As the building block for your Excel reports, the data in your data models needs to be structured appropriately. Not all datasets are created equal. Although some datasets work in a standard Excel environment, they may not work for data modeling purposes. Before building your data model, ensure that your source data is appropriately structured for dashboarding purposes.
At the risk of oversimplification, datasets typically used in Excel come in three fundamental forms:
The spreadsheet report
The flat data file
The tabular dataset
The punch line is that only flat data files and tabular datasets make for effective data models.
Spreadsheet reports make for ineffective data models
Spreadsheet reports display highly formatted, summarized data and are often designed as presentation tools for management or executive users. A typical spreadsheet report makes judicious use of empty space for formatting, repeats data for aesthetic purposes, and presents only high-level analysis. The following figure illustrates a spreadsheet report.
Although a spreadsheet report may look nice, it doesn't make for an effective data model. Why? The primary reason is that these reports offer you no separation of data, analysis, and presentation. You're essentially locked into one analysis.

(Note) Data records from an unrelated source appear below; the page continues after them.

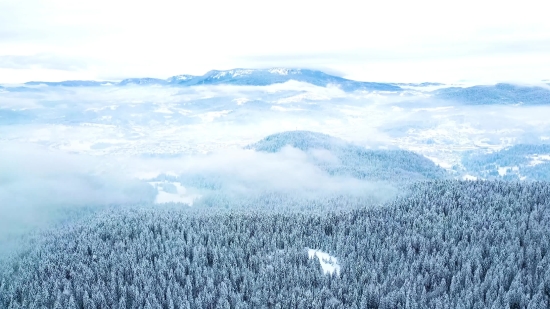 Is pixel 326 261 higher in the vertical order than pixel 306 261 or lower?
lower

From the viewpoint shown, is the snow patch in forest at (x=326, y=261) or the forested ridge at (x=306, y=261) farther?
the snow patch in forest at (x=326, y=261)

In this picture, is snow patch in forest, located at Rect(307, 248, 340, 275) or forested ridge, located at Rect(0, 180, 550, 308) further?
snow patch in forest, located at Rect(307, 248, 340, 275)

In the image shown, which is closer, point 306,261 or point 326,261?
point 306,261

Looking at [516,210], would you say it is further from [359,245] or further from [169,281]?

Although you could make charts from the report shown, it'd be impractical to apply any analysis outside what's already there. For instance, how would you calculate and present the average of all bike sales using this particular report? How would you calculate a list of the top ten best-performing markets?
With this setup, you're forced into very manual processes that are difficult to maintain month after month. Any analysis outside the high-level ones already in the report is basic at best — even with fancy formulas. Furthermore, what happens when you're required to show bike sales by month? When your data model requires analysis with data that isn't in the spreadsheet report, you're forced to search for another dataset.
Flat data files lend themselves nicely to data models
Another type of file format is a flat file. Flat files are data repositories organized by row and column. Each row corresponds to a set of data elements, or a record. Each column is a field. A field corresponds to a unique data element in a record. The following figure contains the same data as the previous report but expressed in a flat data file format.
Notice that every data field has a column, and every column corresponds to one data element. Furthermore, there's no extra spacing, and each row (or record) corresponds to a unique set of information. But the key attribute that makes this a flat file is that no single field uniquely identifies a record. In fact, you'd have to specify four separate fields (Region, Market, Business Segment, and a month's sales amount) before you could uniquely identify the record.
Flat files lend themselves nicely to data modeling in Excel because they can be detailed enough to hold the data you need and still be conducive to a wide array of analysis with simple formulas — SUM, AVERAGE, VLOOKUP, and SUMIF, just to name a few.
Tabular datasets are perfect for pivot table–driven data models
Many effective data models are driven primarily by pivot tables. Pivot tables are Excel's premier analysis tools. For those of you who have used pivot tables, you know they offer an excellent way to summarize and shape data for use by reporting components, such as charts and tables.
Tabular datasets are ideal for pivot table–driven data models. The following figure illustrates a tabular dataset. Note that the primary difference between a tabular dataset and a flat data file is that in tabular datasets the column labels don't double as actual data. For instance, the Sales Period column contains the month identifier. This subtle difference in structure is what makes tabular datasets optimal data sources for pivot tables. This structure ensures that key pivot table functions, such as sorting and grouping, work the way they should.
The attributes of a tabular dataset are as follows:
The first row of the dataset contains field labels that describe the information in each column.
The column labels don't pull double duty as data items that can be used as filters or query criteria (such as months, dates, years, regions, or markets).
There are no blank rows or columns — every column has a heading, and a value is in every row.
Each column represents a unique category of data.
Each row represents individual items in each column.